START Data extract
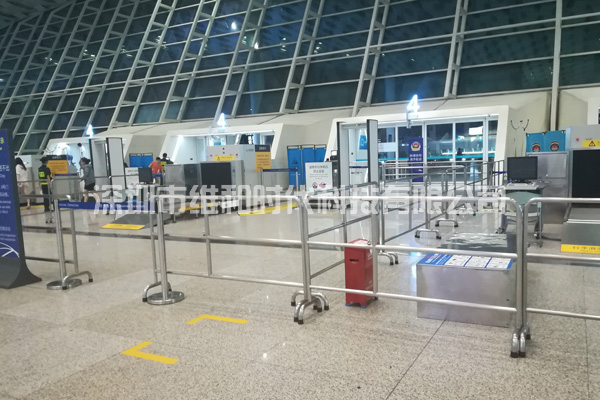 維和時(shí)代安檢門(mén)廠(chǎng)家為深圳機場(chǎng)汽車(chē)站供應金屬探測安檢門(mén)[圖]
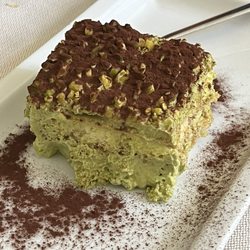 Osteria del Melograno - Tiramisù con granella di pistacchi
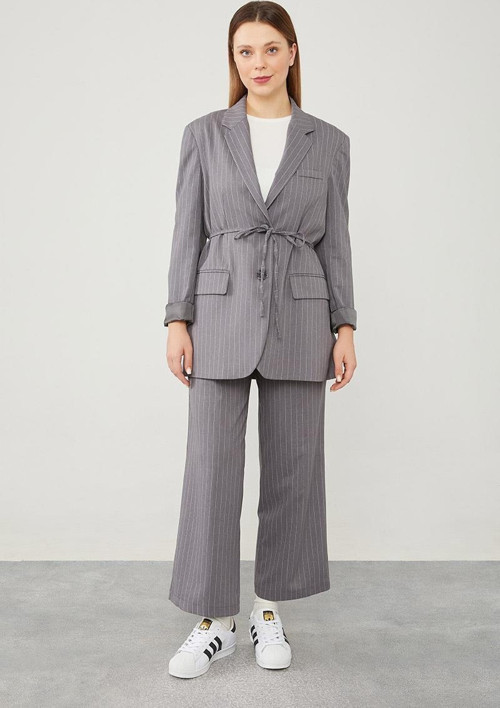 Antrasit Belden Bağlamalı Çizgili Pantolonlu Takım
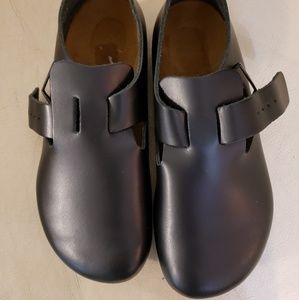 Birkenstock London Shoes size 36 US.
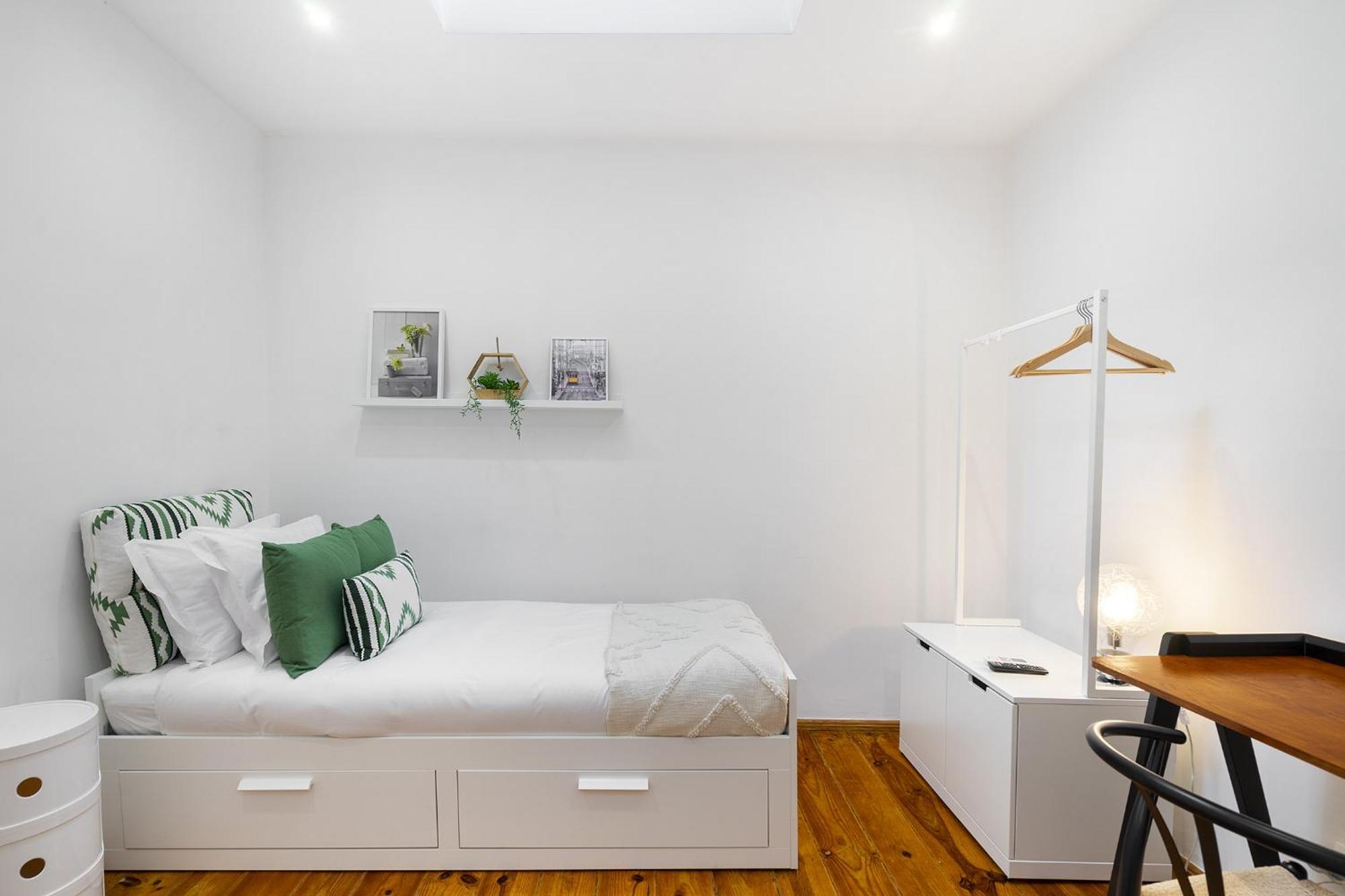 Whome Urban Tech Retreat, Modern Hubs For Remote Living Pensión Lisboa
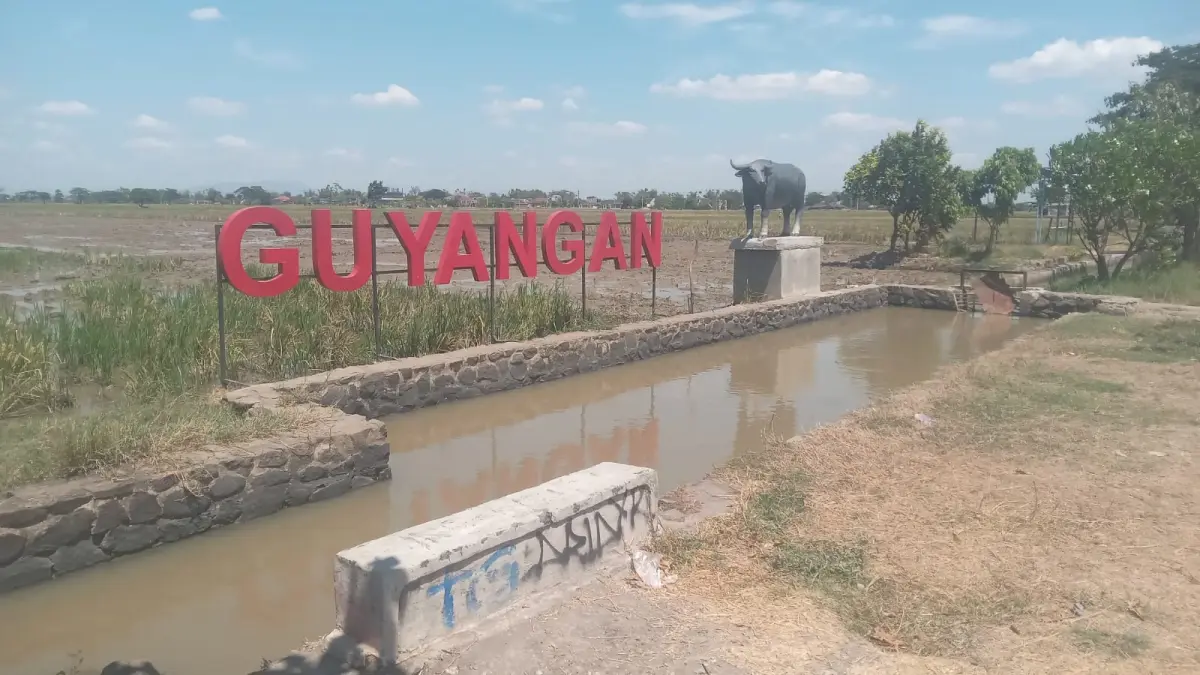 Monumen Kerbau di Kampung Klurahan, Kecamatan Sukoharjo Kota. Saat ini tidak ada lagi warga Kampung Klurahan yang memelihara kerbau. (IWAN KAWUL/RADAR SOLO)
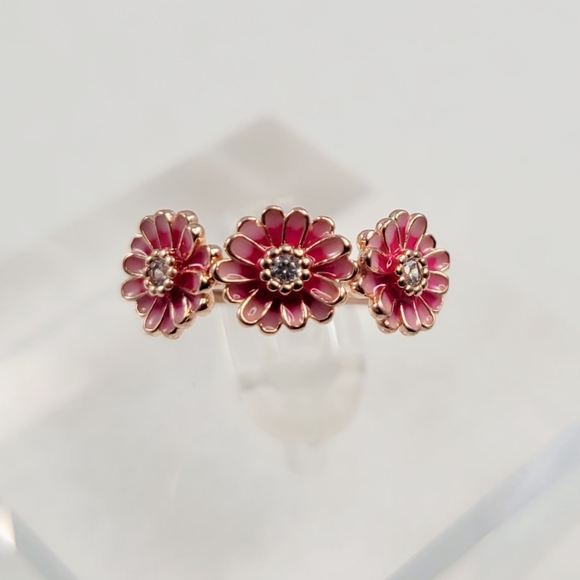 Rose Gold Three Flower Ring - Picture 4 of 13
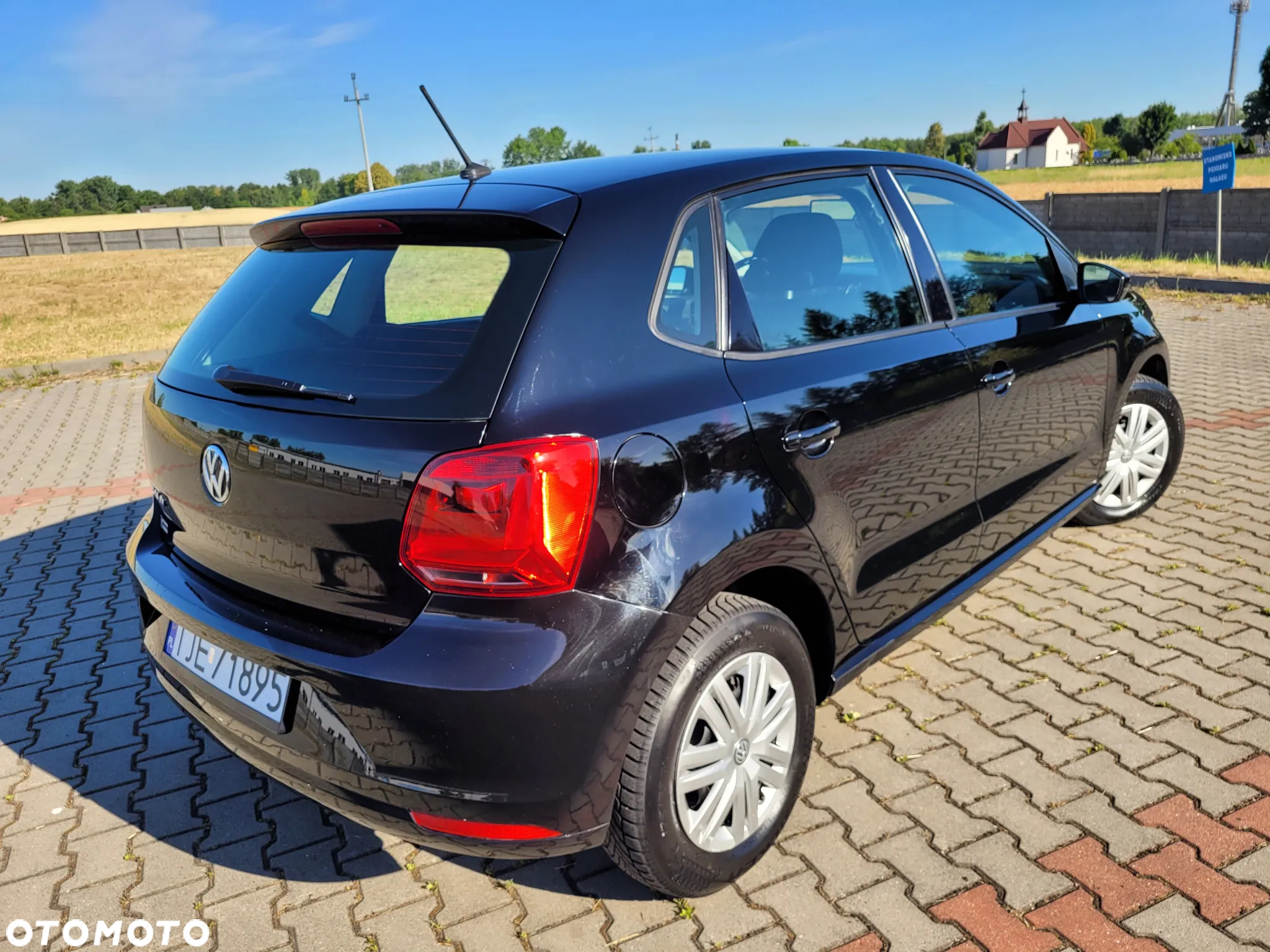 Volkswagen Polo 1.0 (Blue Motion Technology) Comfortline - 32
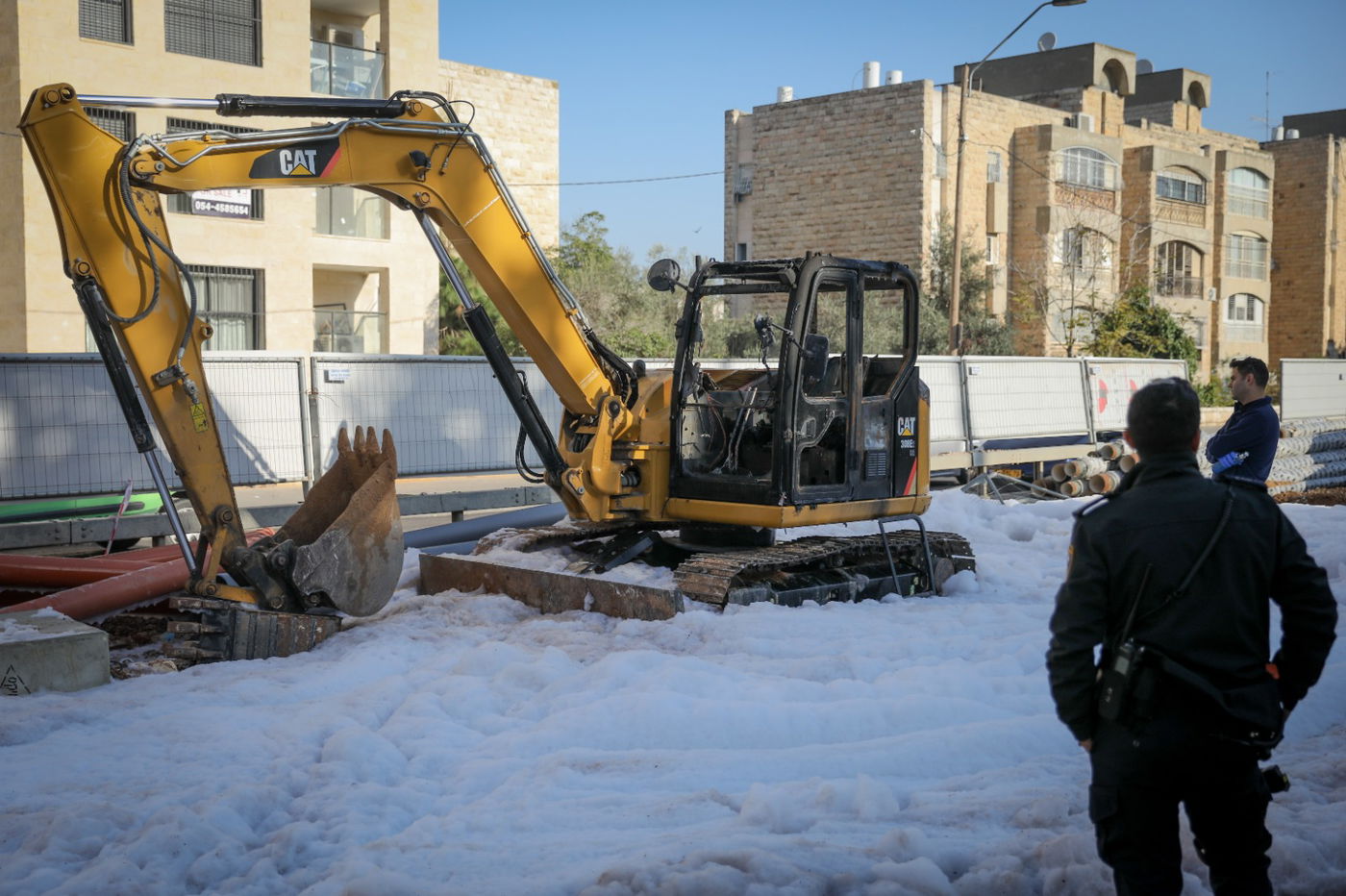 לילה שני שזה קרה: אלמוני הצית כלי הנדסי בשווי מאות אלפי ש"ח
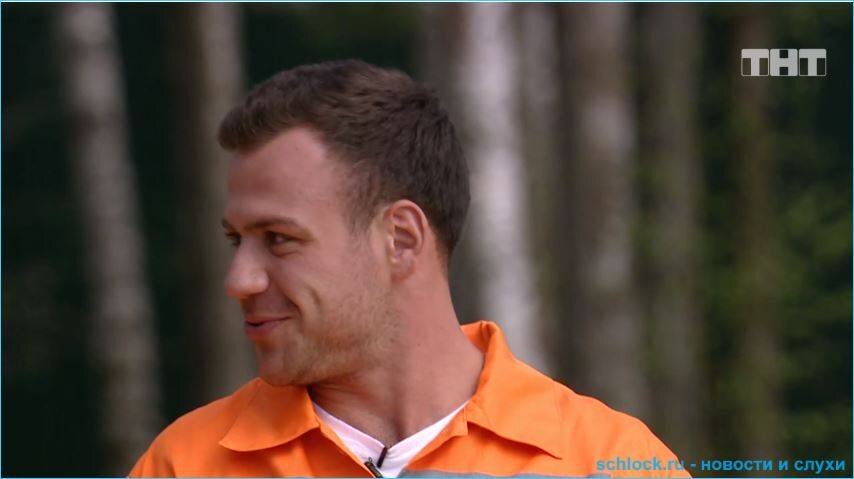 Возникает вопрос, а способен ли уставший от постоянных повторов дурачеств Валерон найти новые отношения на телестройке? Регулярные попытки флирта то с Анной Брянской, то с Ольгой Черновой, то с Анастасией Стецевьят, говорят о его попытках выбора или о нежелании строить отношения вообще.

Не случайно же Блюменкранц в дневном эфире 13.05.2019 прямо заявляет Ольге Орловой, что ищет спутницу жизни, а не проектную партнершу. Или лукавит Блюм и просто отрабатывает с девушками свое присутствие на проекте Дом 2?
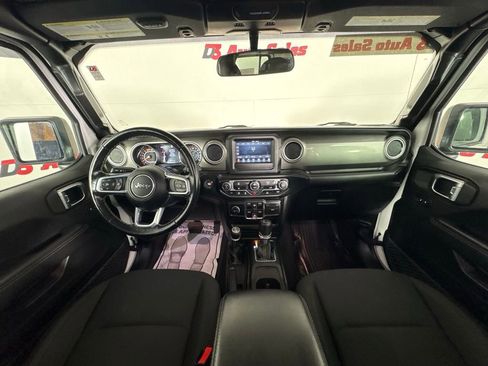 Used 2021 Jeep Wrangler Unlimited Sahara image 37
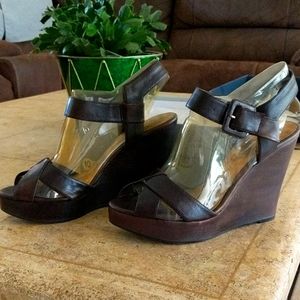 Nine West Women's Brown Leather Wedge Size 10
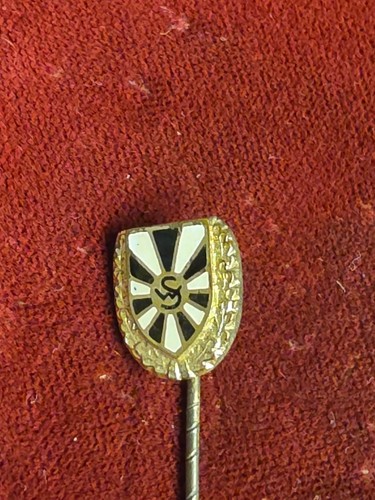 Vintage pin football honor - vintage,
END Data extract
What the task requires
Give all of the material again, exactly, apart from the pictures.

Expected answer
 維和時(shí)代安檢門(mén)廠(chǎng)家為深圳機場(chǎng)汽車(chē)站供應金屬探測安檢門(mén)[圖]
 Osteria del Melograno - Tiramisù con granella di pistacchi
 Antrasit Belden Bağlamalı Çizgili Pantolonlu Takım
 Birkenstock London Shoes size 36 US.
 Whome Urban Tech Retreat, Modern Hubs For Remote Living Pensión Lisboa
 Monumen Kerbau di Kampung Klurahan, Kecamatan Sukoharjo Kota. Saat ini tidak ada lagi warga Kampung Klurahan yang memelihara kerbau. (IWAN KAWUL/RADAR SOLO)
 Rose Gold Three Flower Ring - Picture 4 of 13
 Volkswagen Polo 1.0 (Blue Motion Technology) Comfortline - 32
 לילה שני שזה קרה: אלמוני הצית כלי הנדסי בשווי מאות אלפי ש"ח
 Возникает вопрос, а способен ли уставший от постоянных повторов дурачеств Валерон найти новые отношения на телестройке? Регулярные попытки флирта то с Анной Брянской, то с Ольгой Черновой, то с Анастасией Стецевьят, говорят о его попытках выбора или о нежелании строить отношения вообще.

Не случайно же Блюменкранц в дневном эфире 13.05.2019 прямо заявляет Ольге Орловой, что ищет спутницу жизни, а не проектную партнершу. Или лукавит Блюм и просто отрабатывает с девушками свое присутствие на проекте Дом 2?
 Used 2021 Jeep Wrangler Unlimited Sahara image 37
 Nine West Women's Brown Leather Wedge Size 10
 Vintage pin football honor - vintage,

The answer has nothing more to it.